Unlike Ripple, the architecture of B&C Exchange is fundamentally incompatible with permitting anyone to freeze BlockShares, because transaction processing is truly decentralized.
However, funds placed in deposit addresses have different characteristics than assets that are natively held on the B&C Exchange blockchain. While no implementation of the feature is planned, it would be relatively easy for individual signers to maintain a list of addresses they will refuse to sign transfer for. Imagine funds which could be verified to have been stolen from BTER were placed in an exchange deposit address. If the majority of individual signers decided to sign a transaction to return funds to BTER, it would occur. But it would have to be done transparently and if shareholders felt any such action reduced the value of their BlockShares they would downvote the reputed signer and the protocol would no longer permit them to sign new deposit addresses. So there is a degree of flexibility with how deposited funds are handled, but signers will be held accountable in all cases and in all cases the cooperation of most signers will be required. Shareholders will collectively remain in control, because they control who the signers are.
Do we know that no single person will ever accumulate more than half of the shares?
Is there any way to prevent an enterprising gang of thieves from buying a majority of the shares?

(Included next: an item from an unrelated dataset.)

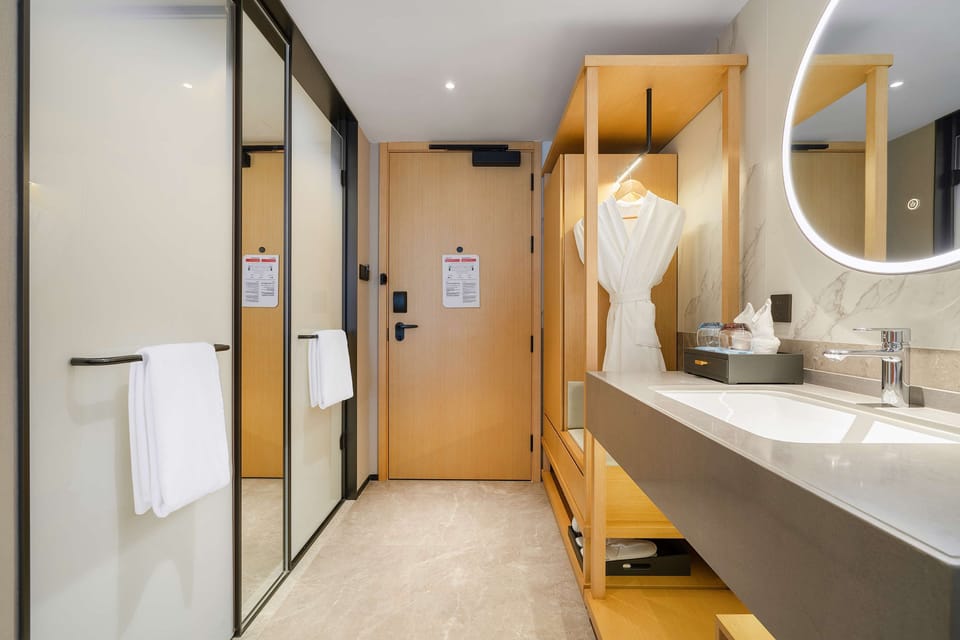 Shower, free toiletries, hair dryer, bathrobes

We have a lot of very dedicated shareholders with a tremendous belief in the value of shares. They would not let go of the majority of their shares except at truly exceptional prices. My guess is that if you wanted to acquire a majority of the shares you would need to increase the market cap 100 times or more to do so. If you did that, you would have tremendous stake and would rationally take extraordinary care to maintain and increase the value of your BlockShares. Some imagine a central bank or government may be willing to purchase shares/coins of PoS networks to gain control of them in order to destroy them and prevent them from competing with their monetary systems. I don't think this approach would be an effective method for such entities to oppose PoS networks. They would just make their opponent rich and there are too many PoS networks to do this with. It would only cause the proliferation of PoS networks as a result of the financial success. We can only hope they are foolish enough to attempt this, but I doubt it.